Available data ->

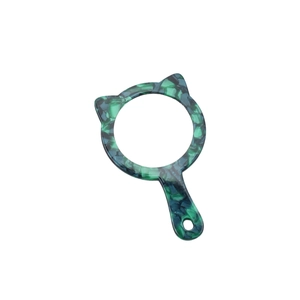 Specchio a mano carino a forma di gatto con cornice floreale in acetato blu e manico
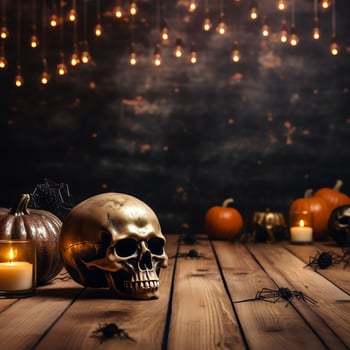 Halloween decorative on wooden table top with blurred night scene background,AI Generated photo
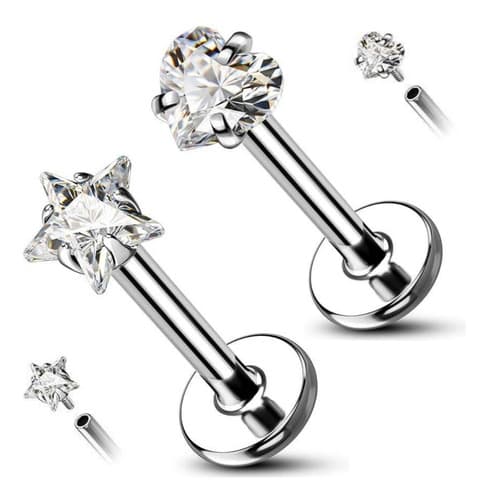 16g Piercing De Titanio Con Top Zirconia Corazón Estrella - $169.00 en Mercado Libre | PrecioMX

Exercise aim ->
Pictures are to be left out, and each line from the one that contains "Halloween decorative on" through the end of the listing is to be copied exactly.

Task result ->
 Halloween decorative on wooden table top with blurred night scene background,AI Generated photo
 16g Piercing De Titanio Con Top Zirconia Corazón Estrella - $169.00 en Mercado Libre | PrecioMX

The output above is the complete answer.